Being a Mexican of Basque background is often misunderstood in Mexico, this is why we are glad to present this article about one of Mexico's must famous Basques, Javier Aguirre, the coach of the national soccer team published at Sign On San Diego:
Patriotic Aguirre leads with passion
El Tri coach follows no-nonsense path
“Guernica” is the famous mural by Pablo Picasso depicting the 1937 bombing of the Basque village during the Spanish Civil War. It is painted in black, white and a dark blue.
Javier Aguirre looks at “Guernica,” at the haunting images of death and devastation, and sees another color.
Aguirre is Mexico's national soccer coach, the man charged with forging a route to the 2010 World Cup in South Africa at a time when a wide freeway has dwindled into a lonely dirt path leading into a dark, uncertain jungle. He is here not because it is necessarily a good career move, or because he thrives on the challenge of qualifying Mexico for the World Cup after a 1-3 start, or because of the six zeros on his paycheck, but because he has to.
“A commitment to my country, you know?” says Aguirre, 50, whose team plays Guatemala in a friendly today at 5 p.m. at Qualcomm Stadium. “I have to give something back to my people.”
Aguirre's nickname is “El Vasco.” The Basque. He wasn't born in the Basque region of northern Spain, but his parents were. His father fought in the Spanish Civil War at 17, was captured by Gen. Franco's nationalist army and later forced to fight for it in North Africa. His mother was from the village of Guernica.
She was there, standing in front of a church, when the planes from Nazi Germany's Luftwaffe began dropping the bombs. She was 7.
Someone grabbed her, rushed her into the church's bomb shelter.
That was 1937. Aguirre's father would get out of the army, meet Aguirre's mother, get married and look for a fresh start.
“Sometimes the worst part about the war is the post-war: no food, no job, (political) parties in jail, persecution,” says Aguirre, who speaks fluent English. “My parents decided to move to Mexico in 1950. My father changed his nationality from Spanish to Mexican.
“My parents spoke Basque at home, the food was Basque, but they knew that I was Mexican and I was born in Mexico. They told me the Mexican flag, the Mexican anthem, the Mexican language was the most important thing. My parents, they told me I have to love Mexico.”

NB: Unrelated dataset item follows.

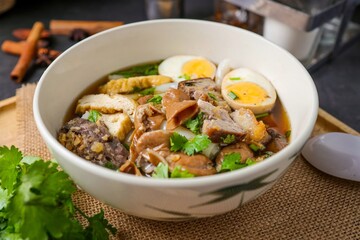 Chinese rolled noodles with crispy pork and egg in black soup,Rolled Rice Noodles in Five-spices Broth , Chinese noodles, thai called kuay jap
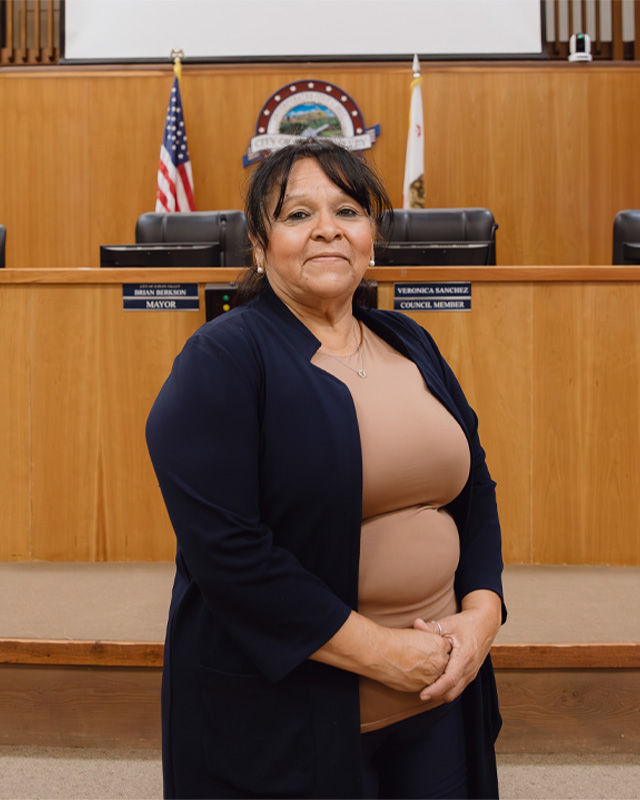 A woman poses for a photograph in front of a desk where city executives make policies.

In April, the bosses from Mexico's soccer federation called. They were desperate. The grand experiment of hiring a Swede, Sven-Goran Eriksson, had gone terribly wrong and El Tri found itself on the brink of not qualifying for a World Cup, on the brink of the unthinkable, the unfathomable.
Would he help?
Aguirre did this once before, swooping in during the rocky 2002 qualification and going 4-0-1 over the final five matches to secure a World Cup spot. He left to guide Osasuna, an unfancied club from the Basque city of Pamplona, to the UEFA Cup. From there he took Atletico Madrid, after a decade of embarrassing finishes, to the UEFA Champions League before a string of poor results led to his dismissal in February.
He was in demand. He could wait for another big club's job to open. He could stay in Spain, where his two sons attend college. He could let someone else step onto the bridge of El Tri-tanic.
And he couldn't.
A commitment to my country, you know?
There was the new life that Mexico gave to his parents, and the life it gave him. There also was 1981, when Aguirre was part of the national-team player pool that failed to qualify for the 1982 World Cup in Spain.
“I don't want to talk about it, but of course I know what would happen if we don't qualify for this World Cup,” he says. “I remember that feeling. It was a disaster, terrible. It was devastating, for the federation, for the people, for everyone.”
So he said yes.
San Diego is a city Aguirre knows well. He has owned a condominium in La Jolla Colony for the past decade, vacationing here with his family during the offseason, going to beach, attending Padres games.
But this trip is no vacation. “We are not here to relax,” he says.
Aguirre is known for crafting teams in his image, of a kid discovered by pro scouts relatively late in his career, of a player who relied on raw grit more than raw talent, of someone who never stops working. Superstars often don't flourish in his system, and he is not afraid to jettison them if they pout.
“He tries to make a good group,” goalkeeper Guillermo Ochoa says.
Aguirre also talks of wanting “hungry players,” and one of his first acts as national coach was to eliminate their per diem on road trips. Not so they literally wouldn't eat, but to reinforce the notion that you play for pride on the national team and nothing else.
His roster for today's game, and for the CONCACAF Gold Cup that begins next week, has few of the veterans who play for some of the biggest clubs in Europe – much to the consternation of Mexico's predatory soccer media. In their place are youngsters with little international experience.
Or, in other words, the exact type of player Aguirre loves to coach. To mold. To motivate.
“The Mexican national team does not depend on anybody,” Aguirre says. “There are no starters. We are all Mexican. There are some people who may not agree with me. They may have favorite players. But that's the right I have been given, to choose who I want.”
He taps his coaching jersey. It's green.
“I need people who want to win, who are proud of this shirt,” he says, “proud to be on the national team, proud of the anthem, proud to be Mexican.”